The documentation of asyncio.create_task()
states the following warning:
Important: Save a reference to the result of this function, to avoid a task disappearing mid execution. (source)
My question is: Is this really true?
I have several IO bound "fire and forget" tasks which I want to run concurrently using asyncio
by submitting them to the event loop using asyncio.create_task()
. However, I do not really care for the return value of the coroutine or even if they run successfully, only that they do run eventually. One use case is writing data from an "expensive" calculation back to a Redis data base. If Redis is available, great. If not, oh well, no harm. This is why I do not want/need to await
those tasks.
Here a generic example:
import asyncio
async def fire_and_forget_coro():
"""Some random coroutine waiting for IO to complete."""
print('in fire_and_forget_coro()')
await asyncio.sleep(1.0)
print('fire_and_forget_coro() done')
async def async_main():
"""Main entry point of asyncio application."""
print('in async_main()')
n = 3
for _ in range(n):
# create_task() does not block, returns immediately.
# Note: We do NOT save a reference to the submitted task here!
asyncio.create_task(fire_and_forget_coro(), name='fire_and_forget_coro')
print('awaiting sleep in async_main()')
await asyncio.sleep(2.0) # <-- note this line
print('sleeping done in async_main()')
print('async_main() done.')
# all references of tasks we *might* have go out of scope when returning from this coroutine!
return
if __name__ == '__main__':
asyncio.run(async_main())
Output:
in async_main()
awaiting sleep in async_main()
in fire_and_forget_coro()
in fire_and_forget_coro()
in fire_and_forget_coro()
fire_and_forget_coro() done
fire_and_forget_coro() done
fire_and_forget_coro() done
sleeping done in async_main()
async_main() done.
When commenting out the await asyncio.sleep()
line, we never see fire_and_forget_coro()
finish. This is to be expected: When the event loop started with asyncio.run()
closes, tasks will not be executed anymore. But it appears that as long as the event loop is still running, all tasks will be taken care of, even when I never explicitly created references to them. This seem logical to me, as the event loop itself must have a reference to all scheduled tasks in order to run them. And we can even get them all using asyncio.all_tasks()
!
So, I think I can trust Python to have at least one strong reference to every scheduled tasks as long as the event loop it was submitted to is still running, and thus I do not have to manage references myself. But I would like a second opinion here. Am I right or are there pitfalls I have not yet recognized?

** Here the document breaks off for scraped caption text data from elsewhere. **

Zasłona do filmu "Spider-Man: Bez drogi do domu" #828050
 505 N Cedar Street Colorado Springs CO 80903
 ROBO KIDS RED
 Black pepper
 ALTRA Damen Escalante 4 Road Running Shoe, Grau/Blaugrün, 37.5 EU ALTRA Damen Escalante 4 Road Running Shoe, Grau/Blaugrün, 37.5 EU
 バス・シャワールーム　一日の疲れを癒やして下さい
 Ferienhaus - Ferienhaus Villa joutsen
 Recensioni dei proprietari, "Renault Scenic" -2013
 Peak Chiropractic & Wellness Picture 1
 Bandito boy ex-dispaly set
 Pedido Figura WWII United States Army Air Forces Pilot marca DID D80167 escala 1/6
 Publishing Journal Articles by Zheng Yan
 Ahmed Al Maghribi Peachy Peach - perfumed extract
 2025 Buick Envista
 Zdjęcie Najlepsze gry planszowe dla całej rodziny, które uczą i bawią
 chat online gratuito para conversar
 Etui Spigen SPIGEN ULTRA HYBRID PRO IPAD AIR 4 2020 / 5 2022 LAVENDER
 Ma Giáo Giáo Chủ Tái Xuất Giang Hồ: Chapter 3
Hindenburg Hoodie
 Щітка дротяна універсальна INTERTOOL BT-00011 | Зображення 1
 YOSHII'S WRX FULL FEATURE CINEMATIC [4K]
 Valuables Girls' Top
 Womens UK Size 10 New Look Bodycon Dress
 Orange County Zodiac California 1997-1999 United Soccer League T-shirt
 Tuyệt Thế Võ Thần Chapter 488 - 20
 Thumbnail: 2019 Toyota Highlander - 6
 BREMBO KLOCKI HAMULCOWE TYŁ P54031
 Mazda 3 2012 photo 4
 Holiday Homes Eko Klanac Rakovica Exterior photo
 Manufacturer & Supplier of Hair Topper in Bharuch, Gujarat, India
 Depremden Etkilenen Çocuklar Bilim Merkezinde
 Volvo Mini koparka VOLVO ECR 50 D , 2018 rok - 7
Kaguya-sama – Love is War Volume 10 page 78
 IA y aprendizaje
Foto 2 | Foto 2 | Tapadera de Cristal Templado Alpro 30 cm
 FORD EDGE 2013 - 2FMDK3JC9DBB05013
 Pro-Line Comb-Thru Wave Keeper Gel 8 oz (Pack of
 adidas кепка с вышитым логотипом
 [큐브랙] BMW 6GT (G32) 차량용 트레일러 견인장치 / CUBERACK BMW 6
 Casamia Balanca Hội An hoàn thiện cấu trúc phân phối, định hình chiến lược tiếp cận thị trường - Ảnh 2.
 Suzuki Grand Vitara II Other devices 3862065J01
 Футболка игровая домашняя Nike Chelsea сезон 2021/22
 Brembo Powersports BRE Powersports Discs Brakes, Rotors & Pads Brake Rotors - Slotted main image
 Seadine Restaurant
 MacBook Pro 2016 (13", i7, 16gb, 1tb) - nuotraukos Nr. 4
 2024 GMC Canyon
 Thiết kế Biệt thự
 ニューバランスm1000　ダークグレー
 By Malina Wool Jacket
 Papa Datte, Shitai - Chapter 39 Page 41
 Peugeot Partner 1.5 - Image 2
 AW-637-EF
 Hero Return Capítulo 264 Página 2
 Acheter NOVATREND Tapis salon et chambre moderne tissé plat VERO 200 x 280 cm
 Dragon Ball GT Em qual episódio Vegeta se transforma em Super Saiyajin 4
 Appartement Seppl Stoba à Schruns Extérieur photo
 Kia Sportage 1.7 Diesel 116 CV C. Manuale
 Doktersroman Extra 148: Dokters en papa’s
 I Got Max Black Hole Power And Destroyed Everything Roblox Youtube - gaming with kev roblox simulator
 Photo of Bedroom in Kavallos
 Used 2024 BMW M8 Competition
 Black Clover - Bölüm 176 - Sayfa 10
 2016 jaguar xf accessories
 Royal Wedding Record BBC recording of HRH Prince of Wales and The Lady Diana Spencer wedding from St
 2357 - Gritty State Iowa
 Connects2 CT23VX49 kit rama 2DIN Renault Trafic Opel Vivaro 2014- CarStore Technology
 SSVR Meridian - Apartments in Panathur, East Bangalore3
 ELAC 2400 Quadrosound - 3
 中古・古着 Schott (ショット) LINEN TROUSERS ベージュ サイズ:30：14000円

If I am right, why the explicit warning in the documentation? It is a usual Python thing that stuff is garbage-collected if you do not keep a reference to it. Are there situations where one does not have a running event loop but still some task objects to reference? Maybe when creating an event loop manually (never did this)?
There is an open issue at the cpython bug tracker at github about this topic I just found: https://github.com/python/cpython/issues/88831
Quote:
asyncio will only keep weak references to alive tasks (in
_all_tasks
). If a user does not keep a reference to a task and the task is not currently executing or sleeping, the user may get "Task was destroyed but it is pending!".
So the answer to my question is, unfortunately, yes. One has to keep around a reference to the scheduled task.
However, the github issue also describes a relatively simple workaround: Keep all running tasks in a set()
and add a callback to the task which removes itself from the set()
again.
running_tasks = set()
# [...]
task = asyncio.create_task(some_background_function())
running_tasks.add(task)
task.add_done_callback(lambda t: running_tasks.remove(t))